219
Three-dimensional optical turbulence assessments from doppler weather radar for laser applications

- Indicates paper has been withdrawn from meeting
- Indicates an Award Winner
Monday, 24 January 2011
Three-dimensional optical turbulence assessments from doppler weather radar for laser applications
Washington State Convention Center
Steven T. Fiorino, Air Force Institute of Technology, Wright-Patterson AFB, OH; and R. M. Randall, A. D. Downs, R. J. Bartell, M. J. Krizo, and S. J. Cusumano

Poster PDF (1.5 MB)

The ultimate goal of this study is to expand the spectral range of surface layer optical turbulence (Cn2) models from their present valid range in the visible and infrared to a much broader 400 nm to 8.6 m spectral range. An immediate benefit of such a spectral expansion would be the capability to convert radar-measured Cn2 to laser wavelength Cn2, and then use radar-derived optical turbulence to improve free space laser and high energy laser applications. The experimental technique developed is compared to and validated against field test data.
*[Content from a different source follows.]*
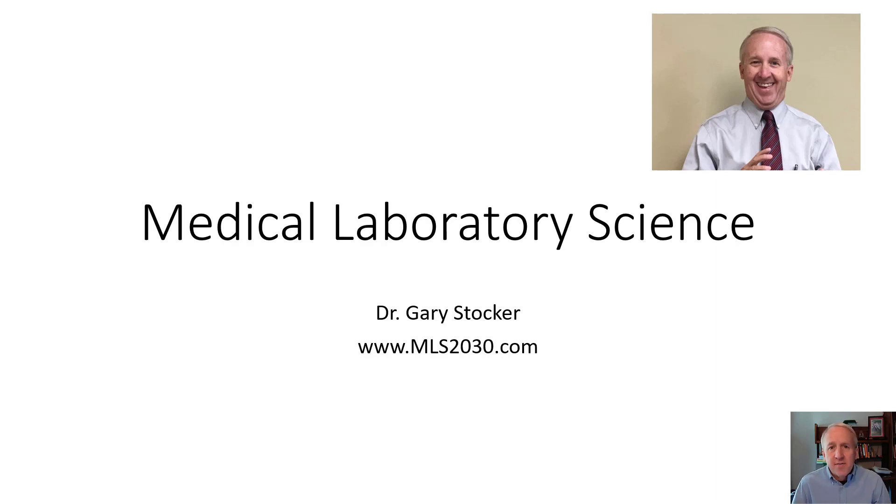This is Gary Stalker. Let's take a few minutes to learn about a career in medical laboratory science.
The field tests compare National Weather Service radar data to Cn2 measurements obtained from scintillometers, range-gated experimental turbulence profilers, and surface layer turbulence deduced from similarity theory. The field tests were conducted at Starfire Optical Range (SOR), the High Energy Laser Systems Test Facility (HELSTF), and Wright-Patterson AFB. This research shows that 3-D fields of optical turbulence, Cn2, can be deduced from operational Weather Surveillance Radar 88-D Next Generation (WSR-88D NEXRAD) clear-air volumetric reflectivity scans. This is accomplished by relating turbulence backscattering characteristics to Cn2 equations for radar. The Cn2 fields deduced from radar are converted to wavelength-specific Cn2 values using a 400 nm to 8.6 meter anomalous dispersion index of refraction calculator coupled with a wind speed and terrain effects spectral modulator function. Thus 3-D fields of Cn2 values within the atmospheric boundary layer for visible and infrared wavelengths can be obtained from widely available internet reflectivity scans from weather radars. Range-gated radar results are compared to range-gated turbulence profiler measurements.